*Available data*
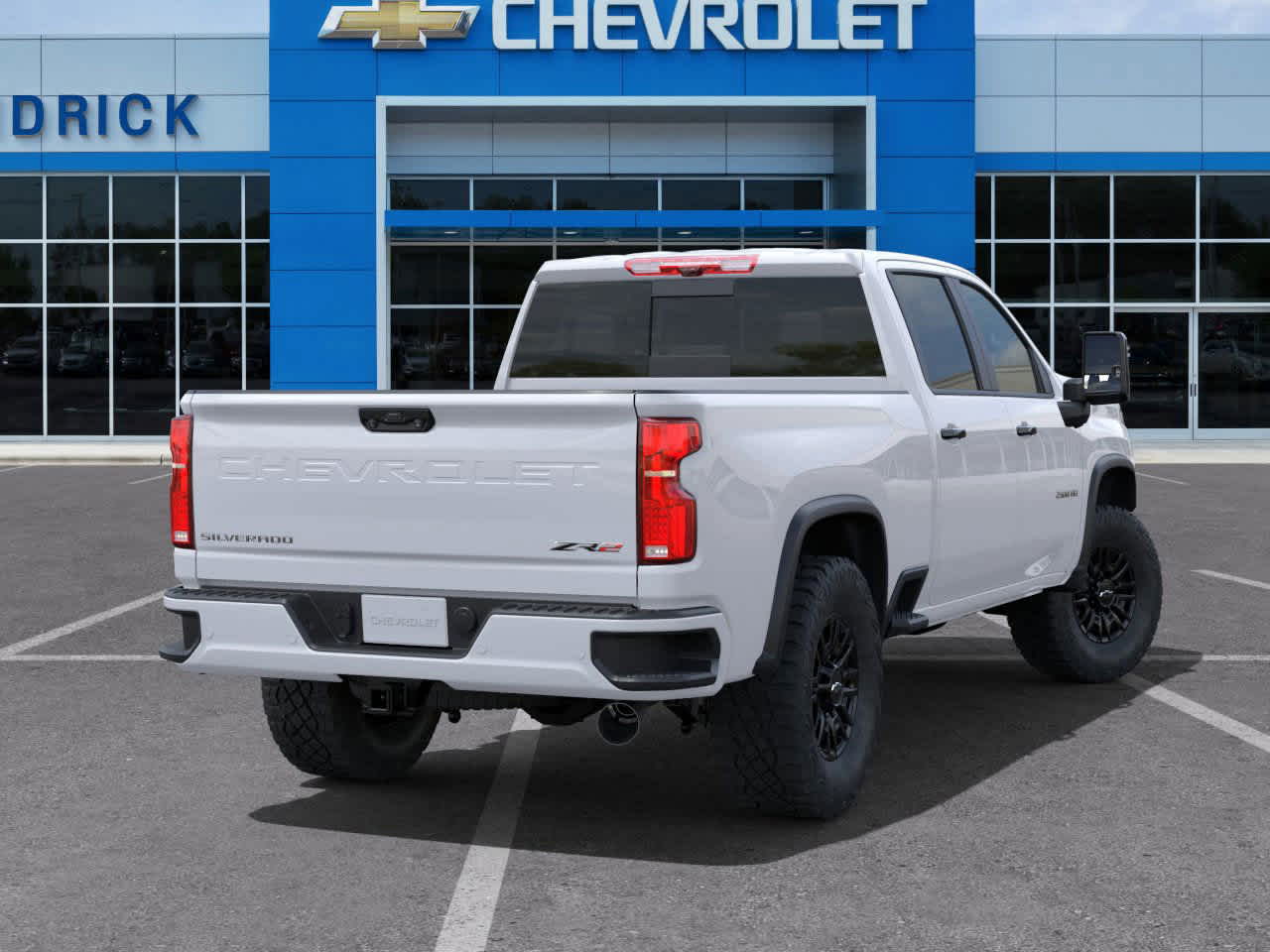 2025 Chevrolet Silverado 2500HD ZR2 4WD Crew Cab 159 4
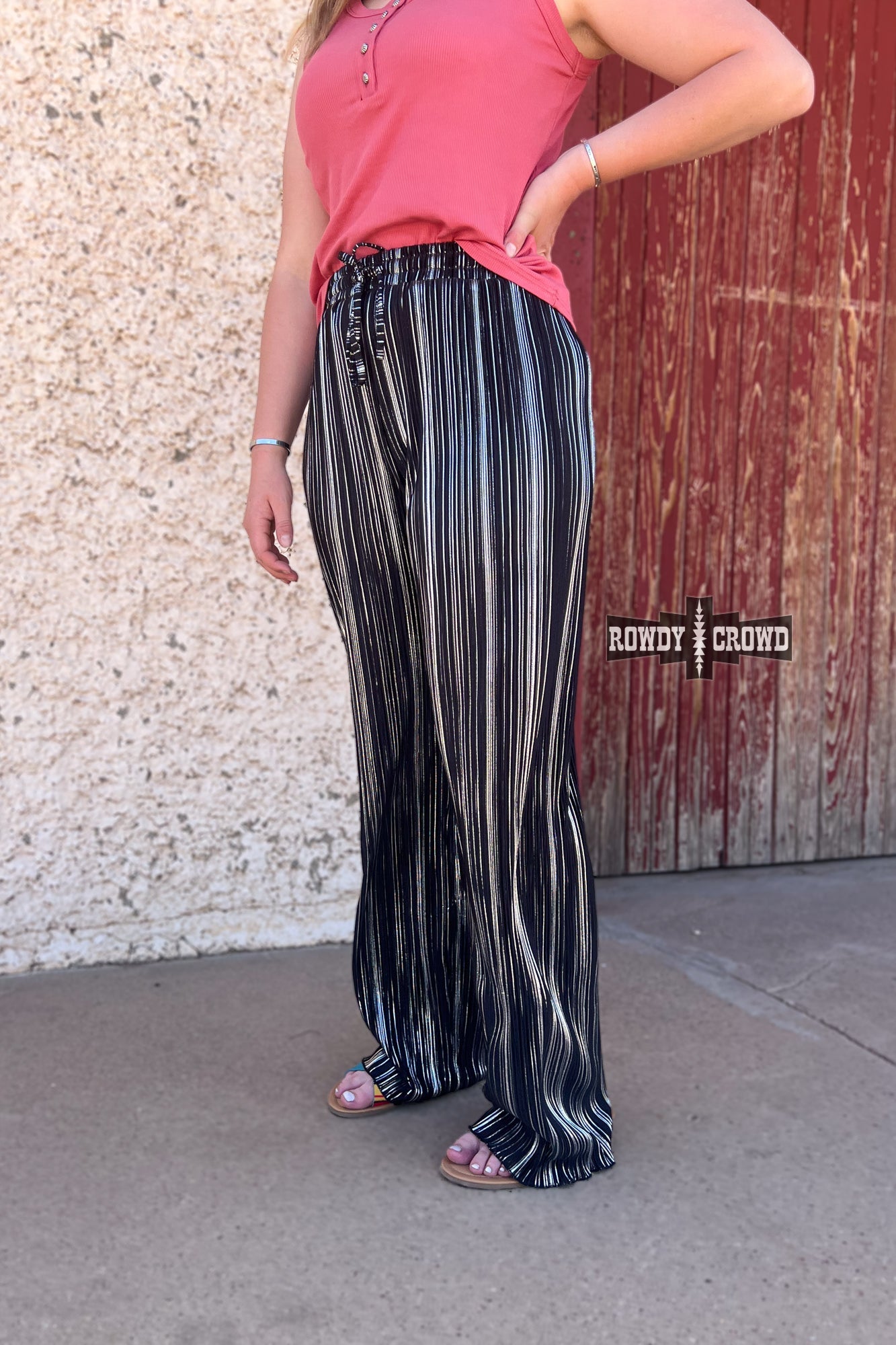 Ruffled Cup Pants - The Caffeine Cowboy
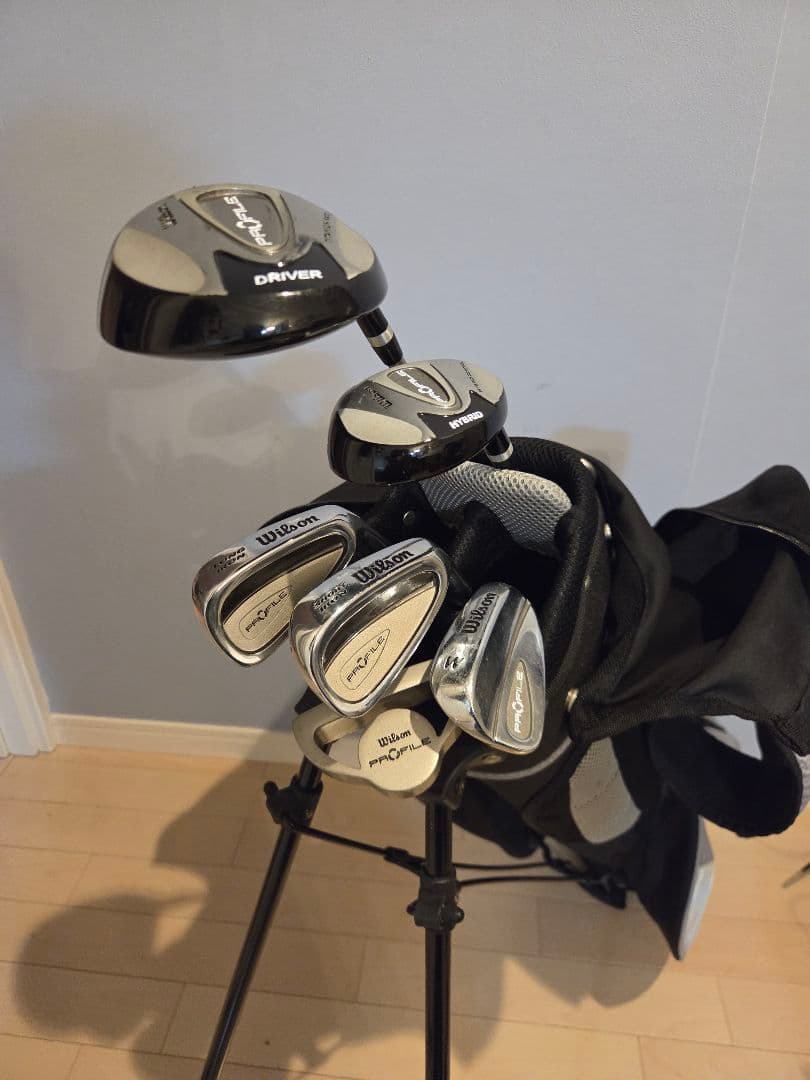 ジュニア　ゴルフクラブセット6本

*Work instruction*
Repeat the material exactly, without images.

*Task result*
 2025 Chevrolet Silverado 2500HD ZR2 4WD Crew Cab 159 4
 Ruffled Cup Pants - The Caffeine Cowboy
 ジュニア　ゴルフクラブセット6本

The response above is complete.